Going through a break-up or ending any sort of relationship can be extremely difficult. There are many self-help tips that may be helpful through the healing process.

Going through a break-up, ending a relationship or divorce is a major loss and can be very challenging to navigate. Many people experience feelings of grief, loss and even trauma. It’s a major transition to lose a relationship with someone and it’s difficult to experience. Divorce can be especially challenging considering that many people have shared possessions, legal considerations, and even children that they must also care for through the process. 

Tips to help you cope with a break-up:

1. Take Care of Yourself:

Implementing coping skills and a self-care practice is essential to surviving the pain of divorce or a break-up. Try setting a daily or weekly goal of participating in at least one activity that will be beneficial to your emotional, mental and physical wellbeing. Some activities could include writing in a journal, meditating, exercising, taking a hot bath, reading a book or any other activity that you find helpful and healing. Be sure to make taking care of yourself a priority. You can set an alarm or calendar reminder to complete your daily healing activity. 

2. Use your support system:

Lean on your friends and family during this difficult time. It’s important to have a good strong support system that you can lean upon in a time of need. Having support helps by having someone to talk to, distract you, vent to or even to laugh with. Support can also come in many forms. You can find support with your friends and family as well as social clubs, community-based groups, and even grief and healing support groups. Support groups can be especially helpful to talk with people who may be experiencing a similar situation as your own.

3. Express your feelings:

If you find it helpful, be sure to talk about your feelings, but be sure that you are doing so in a healthy & constructive way. Many people want to vent and for a short time, that can be helpful, but if we get stuck on the same material in an unhealthy way and not move forward, it ends up being more detrimental than helpful. Talking about how you feel can be helpful with releasing hurt feelings and difficult emotions so be sure to find opportunities to express yourself and situation. 

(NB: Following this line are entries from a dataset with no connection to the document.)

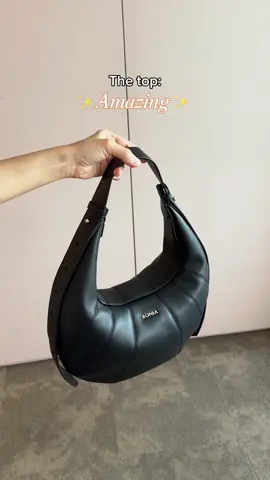💯No matter which angle 😘 #BONIA #fashion #bag #shoulderbag #lianashoulder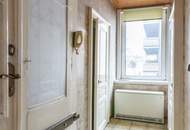 3 Zimmer // BALKON MÖGLICH // komplett sanierungsbedürftig // 2. Stockwerk (Top 12+13)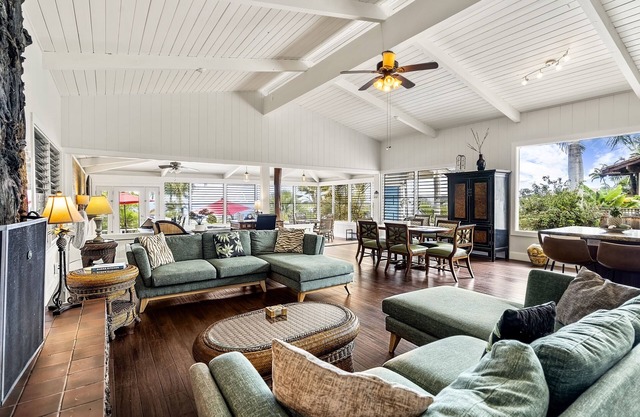 Koana Breeze-Breathtaking Sunset & Ocean Views, Hot Tub Living at its finest!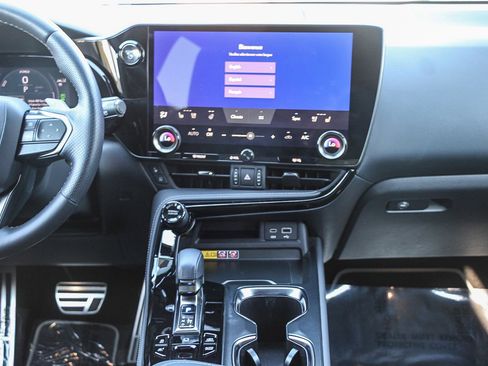 Used 2025 Lexus NX 450h+ F Sport image 13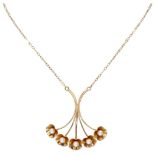 18K. Yellow gold Alton necklace and pendant set with pearls.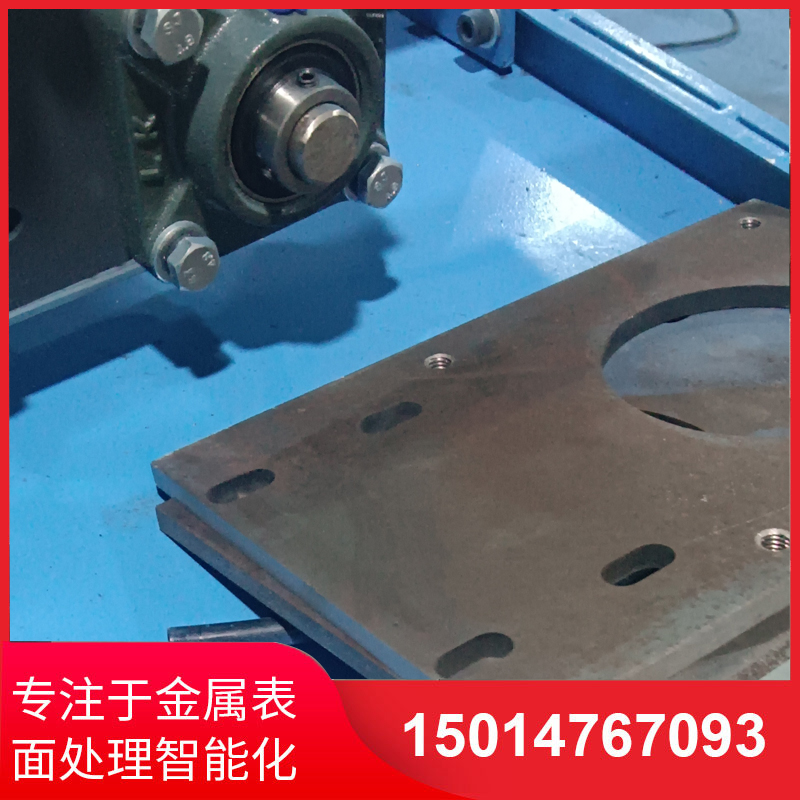 自(zi)動側麵砂光(guang)機(ji)供(gong)應(ying)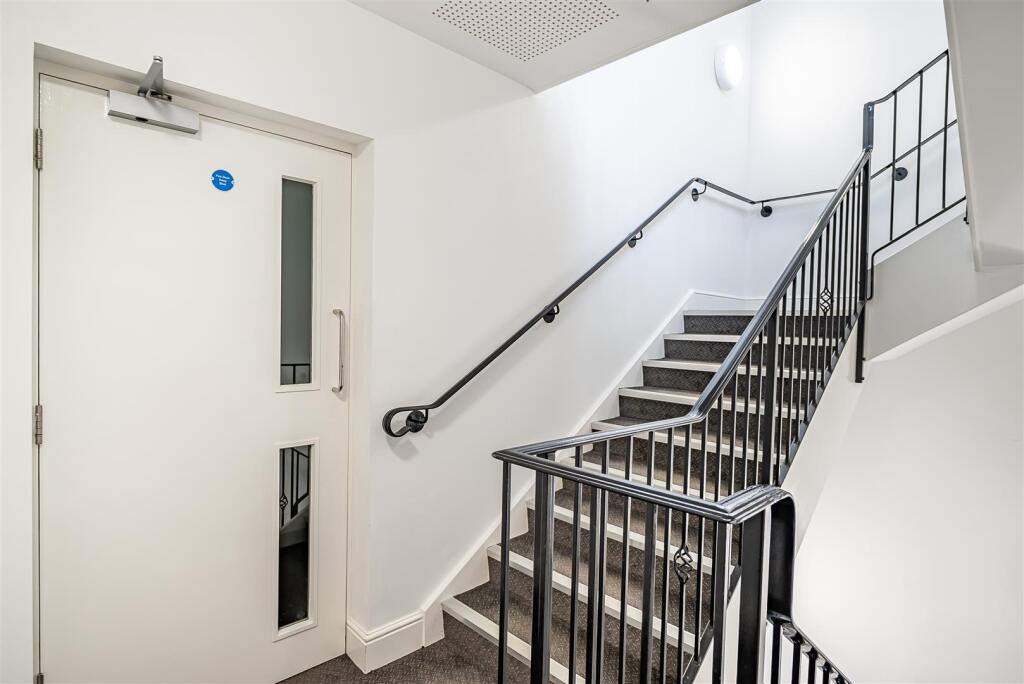 Stairway to apartment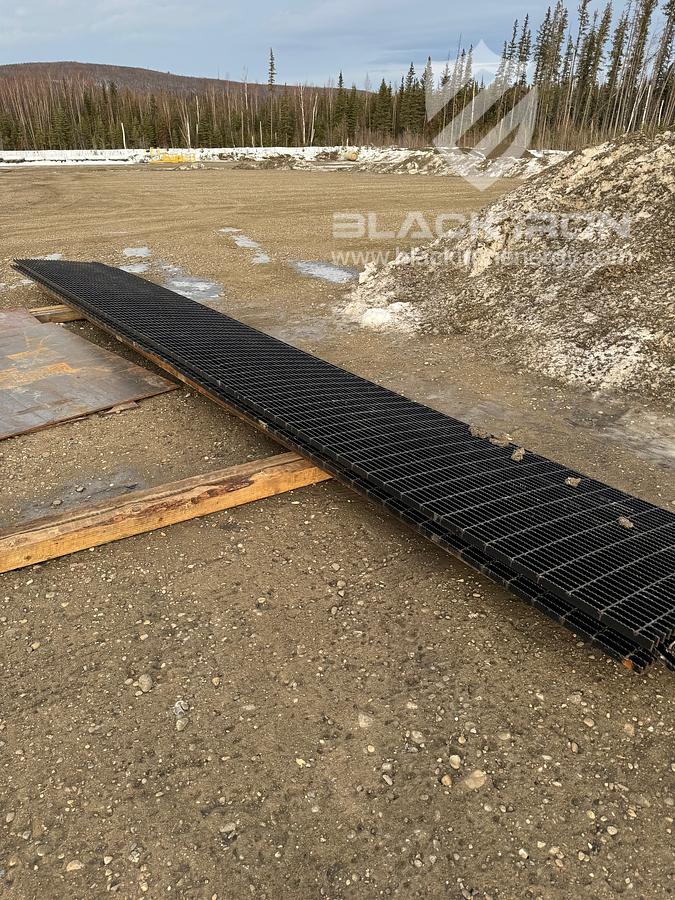 New Surplus Misc Pipe and Structural steel support member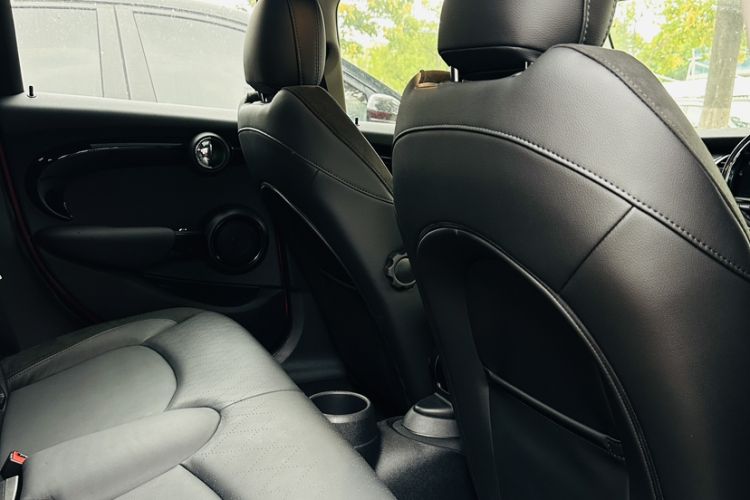 Used MINI 2019 1.5T COOPER Artist Five-Door Edition Interior 3
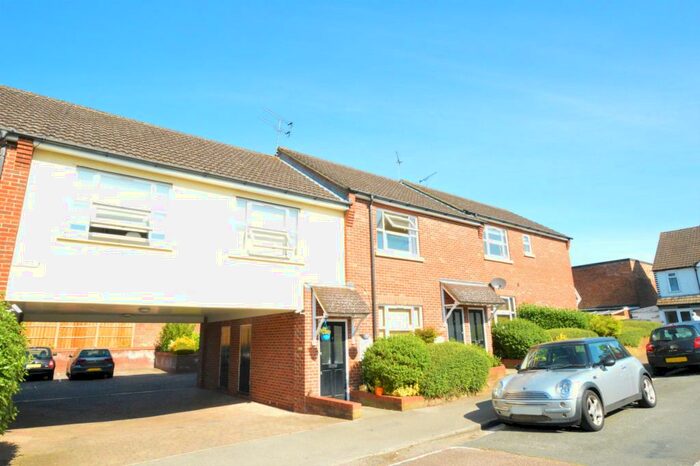 1 Bedroom Flat To Rent In Cambridge Road, St Albans, AL1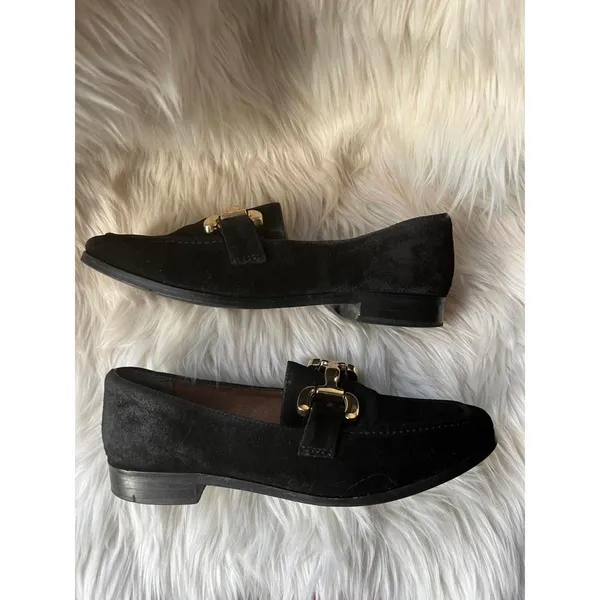 Black Women's Suede Loafers with Gold Buckle Detail Size 9 - Image 7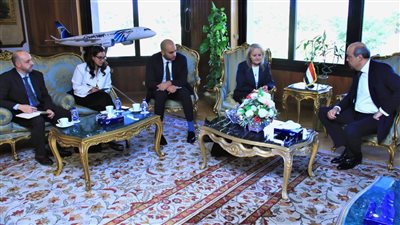 الحفني يبحث مع وفد البنك الأوروبي لإعادة الإعمار والتنمية  التعاون المُشترك في تنفيذ المشروعات التنموية بالطيران  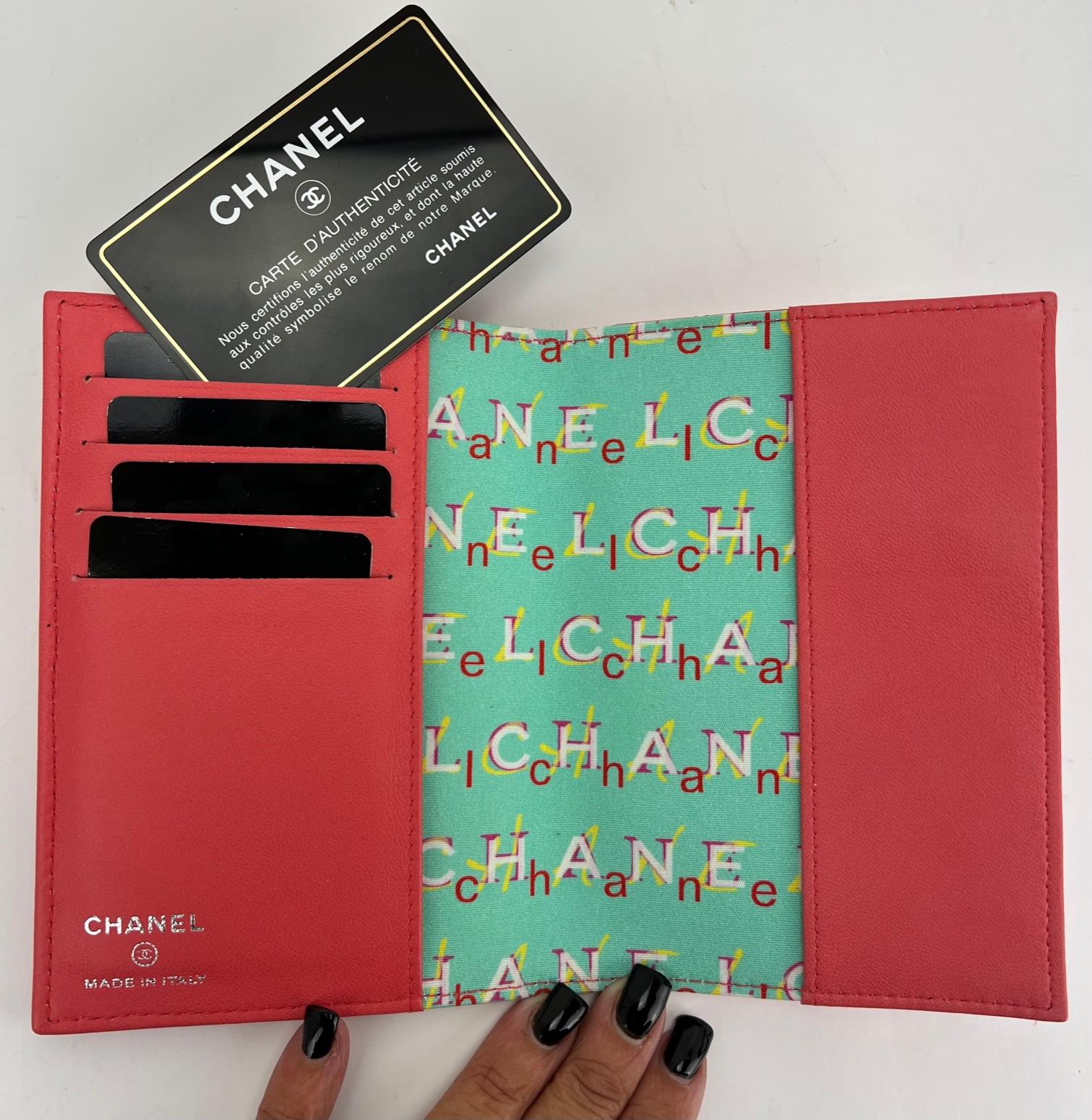 Pre-Owned  100% Authentic
CHANEL Quilted Lambskin Passport Holder 
RATING: B...Very Good, well maintained,
shows minor signs of wear
MATERIAL: lambskin leather
COLOR: coral  
CLOSURE: none
EXTERIOR: tiny tiny wear on 2 corners
ODOR: no
HARDWARE: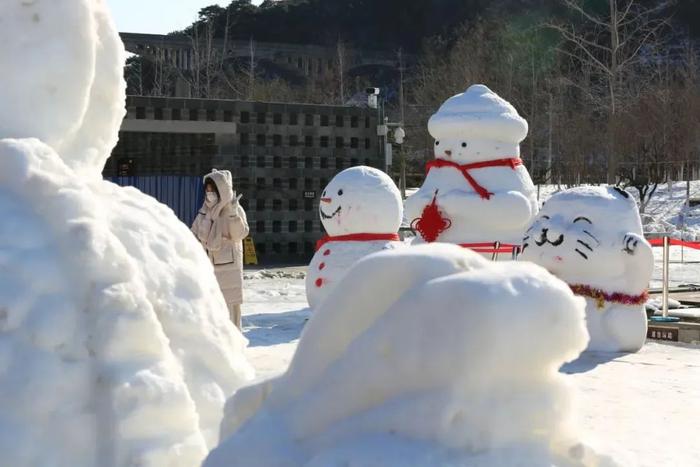 来“北京国安”踢场雪地足球，登慕田峪长城当好汉！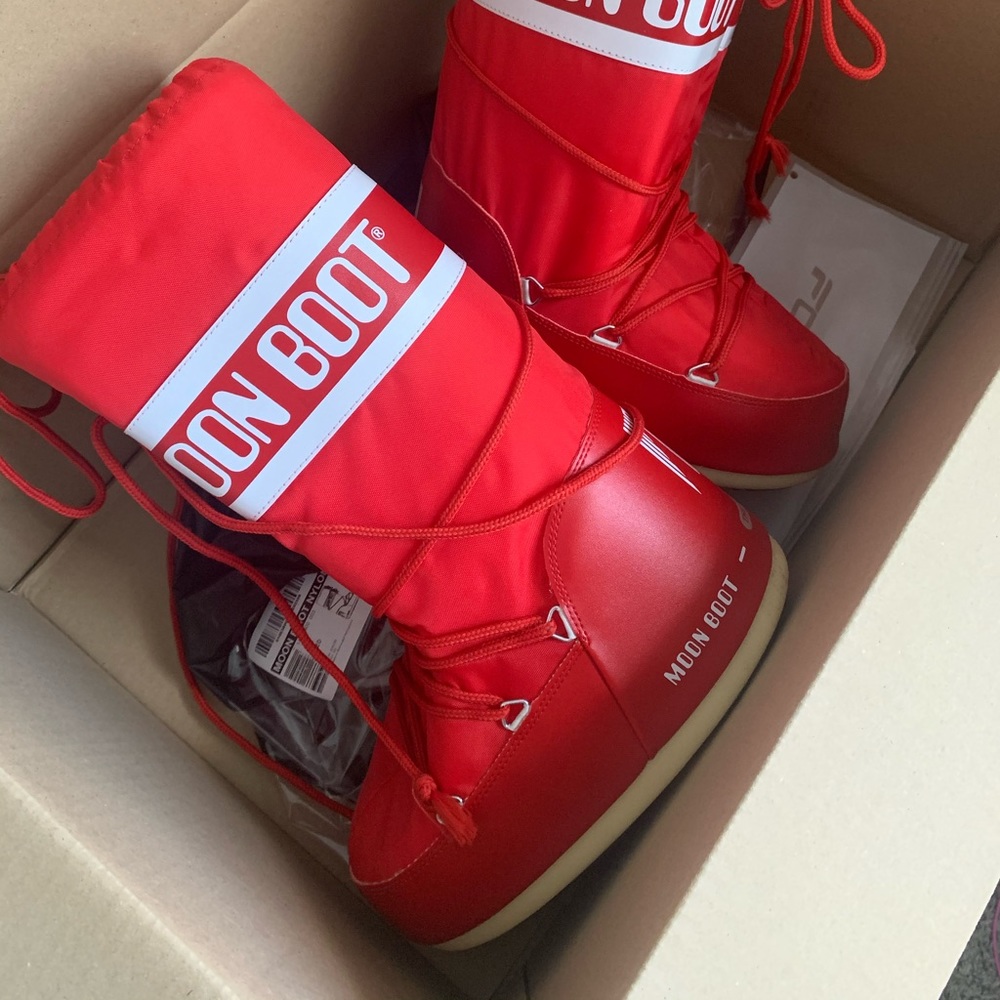 Red Moonboots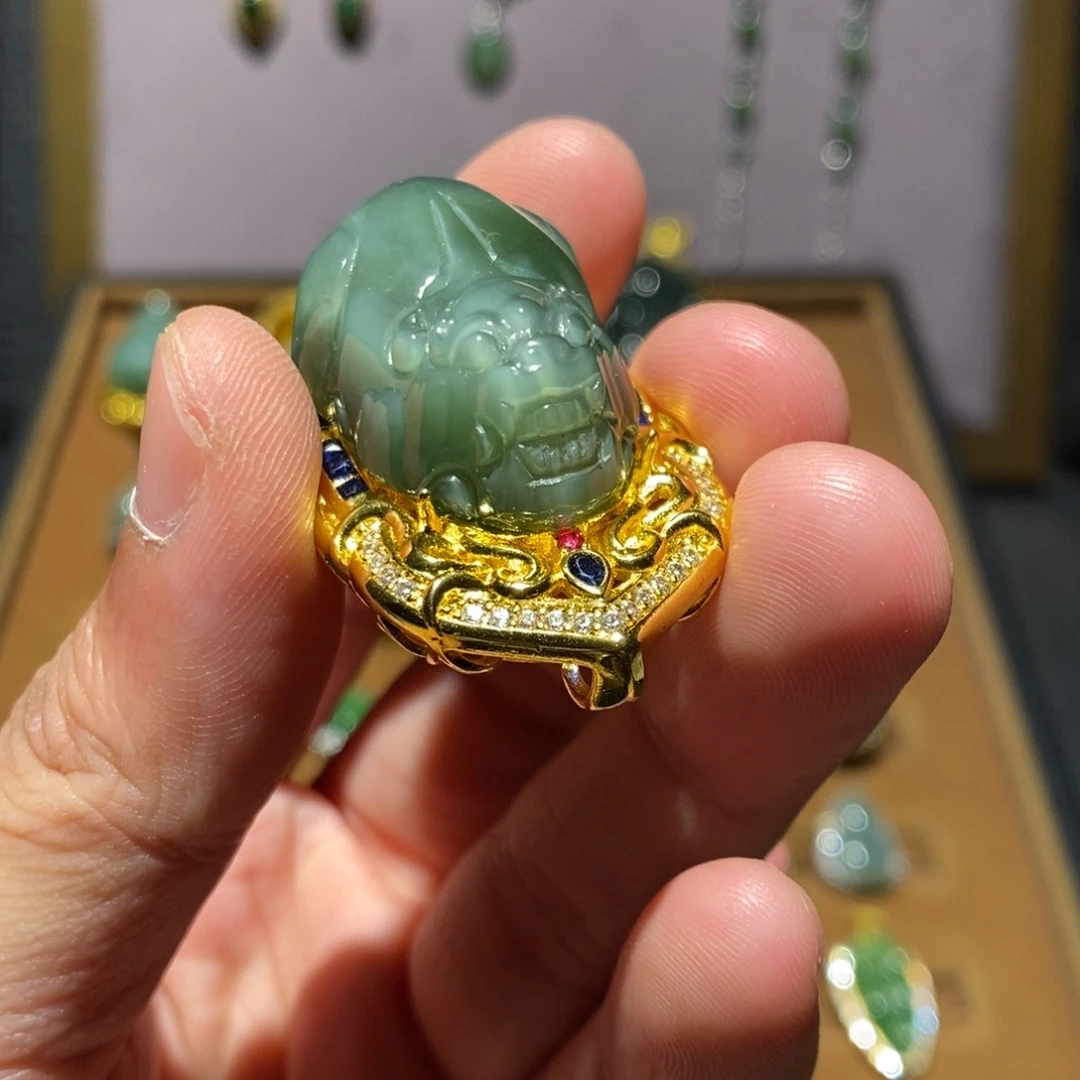 颈饰未镶嵌和田玉（碧玉）゛****?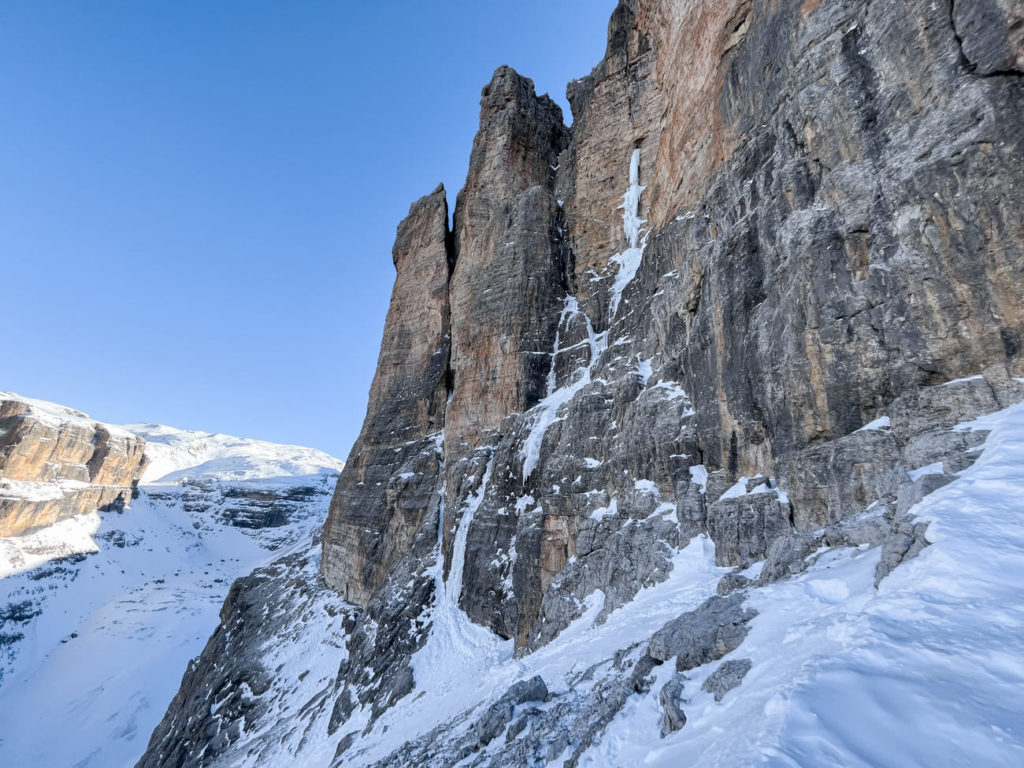 Die "Via Snowboard" und die "Avatar" sind zwei alpine Eiskletterlinien, die bereits früh im Jahr möglich sein können.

4. Take the time that you need:

Don’t rush into feeling better and especially according to other people’s standards. You don’t have to jump back into dating right away and remember that responses to break-ups can be very different as every relationship, break-up, and situation is completely different. Some relationships may be short in comparison to others, but it could be that the shorter relationship hits harder because it was more intense. Perhaps your breakup came as a surprise, which can play a role in the response, reaction and how you need to heal. Again, each situation and relationship is completely different, which means the path to recovery and healing will also be different. Therefore, allow yourself the time you need to heal. 

5. Use Distraction:

Be sure to engage in fun activities or hobbies during your healing process. Many people may want to hide or find that doing anything fun while they are in pain is impossible, but it’s these distracting activities that can facilitate healing. By hiding inside your house or not socializing, you may find that this will cause you to constantly think of their ex or memories that you had together, which tends to make things feel worse. So when you feel up for it, distract yourself with a fun activity. You can try going to coffee or lunch with a friend, get a manicure or pedicure, go watch a movie, or join a new social group. The point here is to attempt to force yourself into finding a distracting activity that can help to facilitate your mental and emotional healing. 

6. Do something new:

Trying something new or spontaneous can boost self-esteem, excitement, and distraction, which can all be helpful when you’re going through a break-up. This is similar to finding a distracting activity or hobby, as stated above, but the difference here is trying something new. When we engage in something new, it can be very beneficial for our minds. It causes us to use more focus, attention and mental energy since we are unfamiliar with the task. New activities can be very helpful for your brain health as well because it creates new neural pathways in the brain and again enhances mental and cognitive focus and attention. These types of activities can help with emotional healing.

7. Engage in Reflection:

Self-reflection allows you to think about things that you may have learned about yourself while in a relationship. Take time to reflect on aspects that you liked and did not like about your relationship, yourself or your partner. This can be very eye-opening and allow you to be more self-aware and healthy for future relationships. Many people can see aspects or dynamics that they do not want in future relationships simply due to something negative that has happened previously. This again can help us to better future relationship as well as ourselves. 

8. Practice Gratitude:

Expressing ‘thanks’ may sound opposite of what you want to engage in during a break-up or while ending any relationship, but it can be quite helpful and healing. Try forcing yourself to find the positives in a very negative situation. This is similar to engaging in self-reflection as you may want to review things that you learned from your relationship and what you feel thankful for. This can be extremely helpful in the healing process. Expressing gratitude helps to boost optimism and happiness and it can lead to a happier and healthier relationship in the future. 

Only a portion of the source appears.